● **Problem details**: The line containing "What does NPE", plus every line that follows it to the end of the listing below, is what you transcribe exactly; omit all pictures.

● **Information provided**:
######

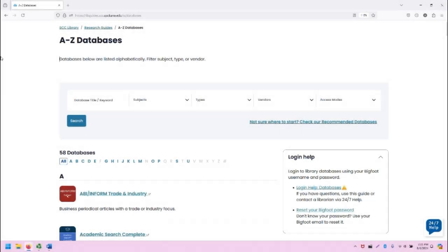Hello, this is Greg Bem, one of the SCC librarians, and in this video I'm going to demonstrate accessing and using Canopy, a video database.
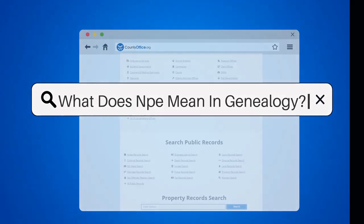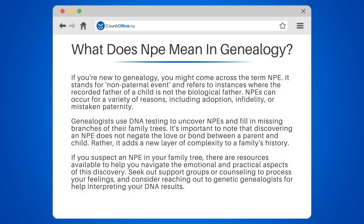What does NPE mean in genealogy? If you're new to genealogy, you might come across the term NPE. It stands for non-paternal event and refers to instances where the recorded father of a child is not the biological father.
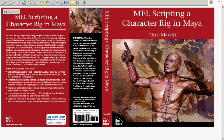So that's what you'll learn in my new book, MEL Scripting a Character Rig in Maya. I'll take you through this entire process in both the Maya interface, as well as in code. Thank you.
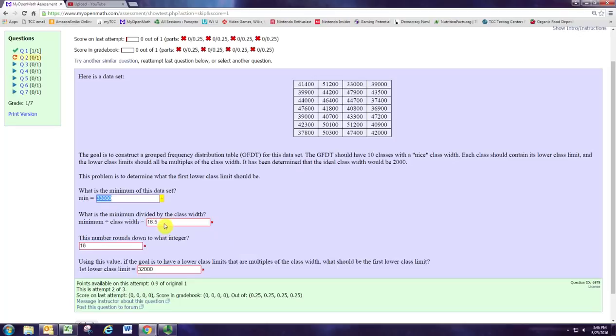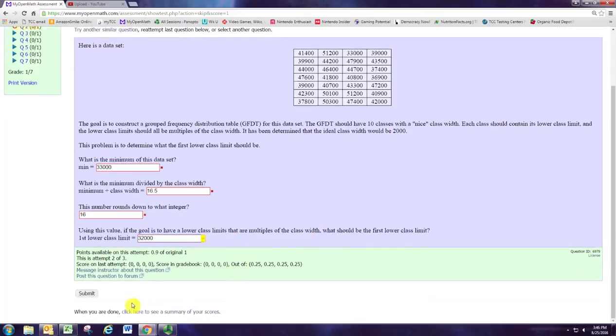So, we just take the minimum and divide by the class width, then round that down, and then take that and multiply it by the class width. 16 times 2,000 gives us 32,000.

######

● **Problem solution**:
What does NPE mean in genealogy? If you're new to genealogy, you might come across the term NPE. It stands for non-paternal event and refers to instances where the recorded father of a child is not the biological father.
So that's what you'll learn in my new book, MEL Scripting a Character Rig in Maya. I'll take you through this entire process in both the Maya interface, as well as in code. Thank you.
So, we just take the minimum and divide by the class width, then round that down, and then take that and multiply it by the class width. 16 times 2,000 gives us 32,000.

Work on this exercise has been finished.